Read the Eleventh Circuit’s decision [PDF 105 KB]
The taxpayers, U.S. citizens, were residents of the Virgin Islands. They asserted that they had satisfied both their U.S. and Virgin Islands tax obligations by filing a return with the Virgin Islands Bureau of Internal Revenue (BIR) and by paying taxes on their worldwide income to the Virgin Islands.

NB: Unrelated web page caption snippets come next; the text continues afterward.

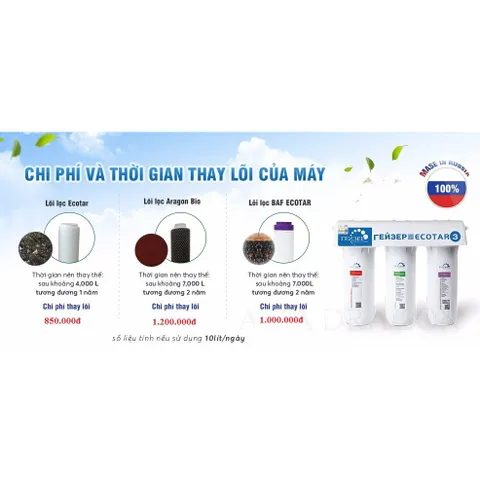 Máy lọc nước nano Geyser ECOTAR 3 - Hàng chính hãng - Lọc sạch Vi khuẩn - Uống trực tiếp không cần đun sôi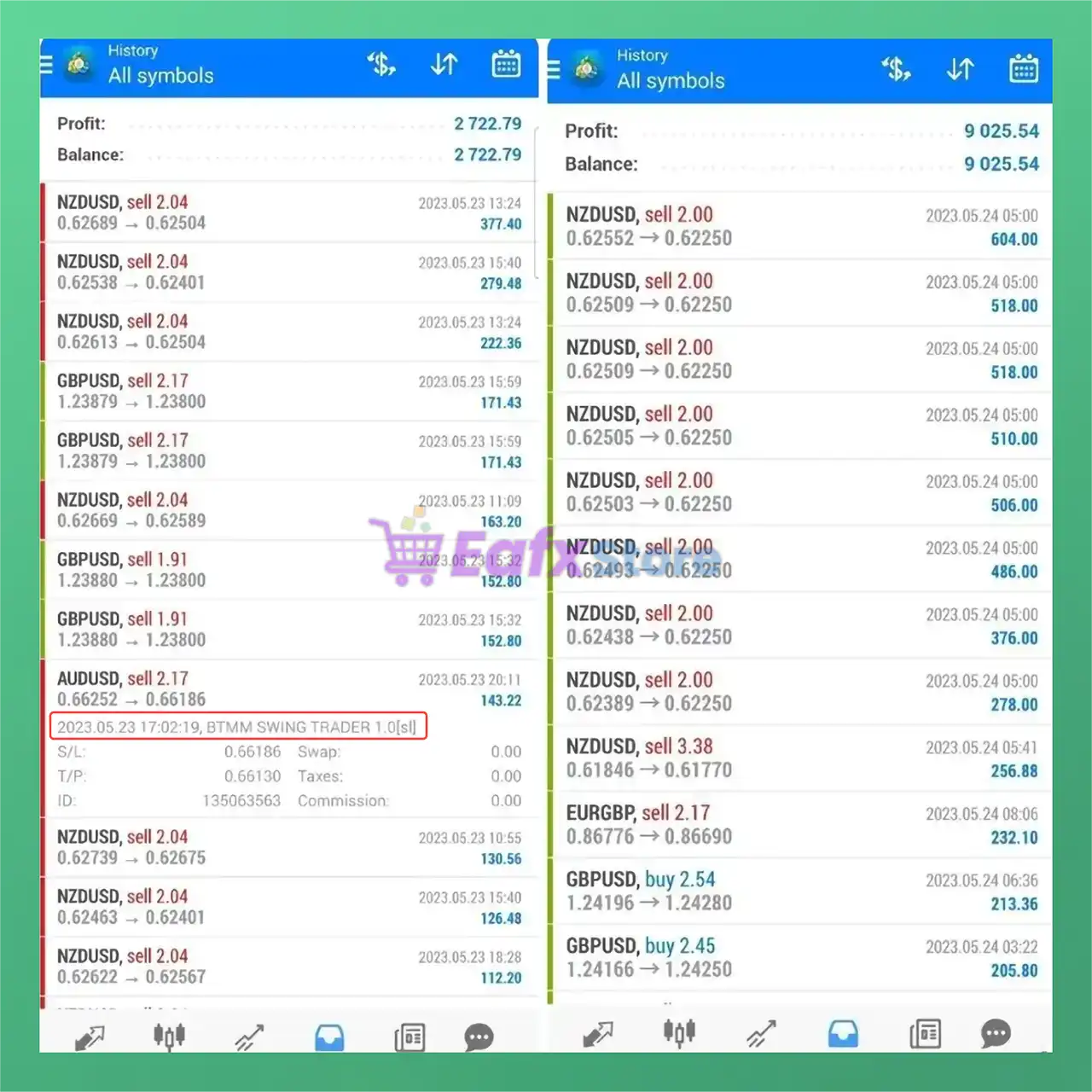 BTMM Swing Trader EA MT4 v1.0 (Platform build 1441+) 3 BTMM Swing Trader EA MT4 Live Reuslts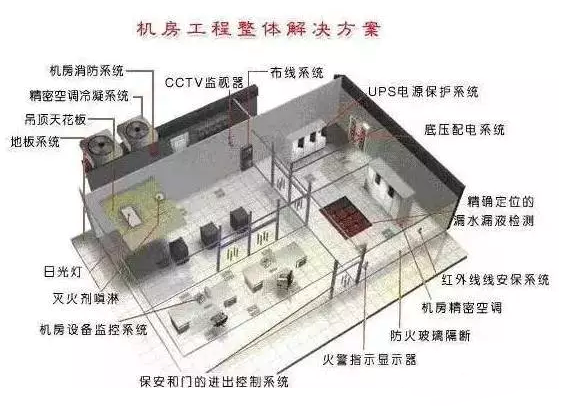数据中心机房建设工程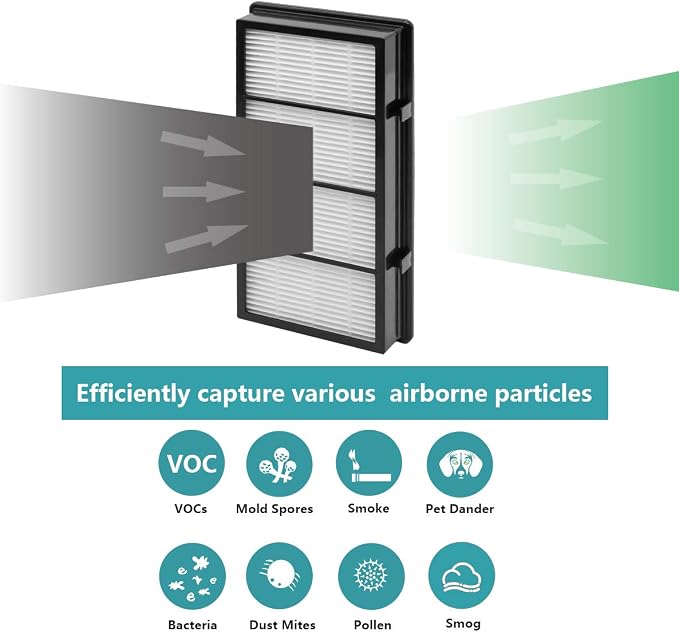 HAPF300 True HEPA Filter, Compatible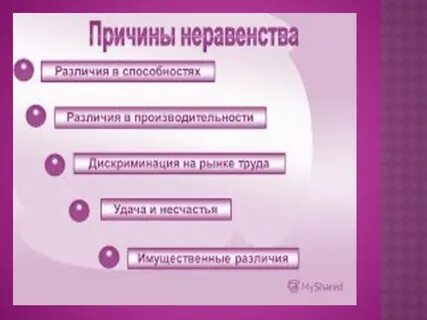 Причины неравенства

As such, they asserted they were relieved of any obligation to file a return with the IRS or pay taxes to the United States.
They did not file income tax returns with the IRS for the years at issue (2002, 2003, and 2004).
In 2009 and 2010, the IRS issued deficiency notices to the taxpayer for 2002, 2003, and 2004, asserting (1) the taxpayers were not bona fide residents of the Virgin Islands during those years and were to have filed federal tax returns; and (2) some of the income classified as Virgin Islands income was, in fact, U.S. income and was subject to federal income tax.
The IRS deficiency notices were issued more than three years after the Virgin Island returns were filed; however, the IRS asserted that collection was not barred because of the taxpayers’ failure to file federal income tax returns.
The taxpayers filed petitions with the Tax Court, and the Virgin Islands moved to intervene—which the Tax Court denied, and this appeal followed.
The Eleventh Circuit today reversed and remanded the cases to the Tax Court, with instructions to grant the motion to intervene. The appeals court found that the Virgin Islands has an interest in the Tax Court proceedings and that the findings would have practical implications for the Virgin Islands taxation of the same individuals.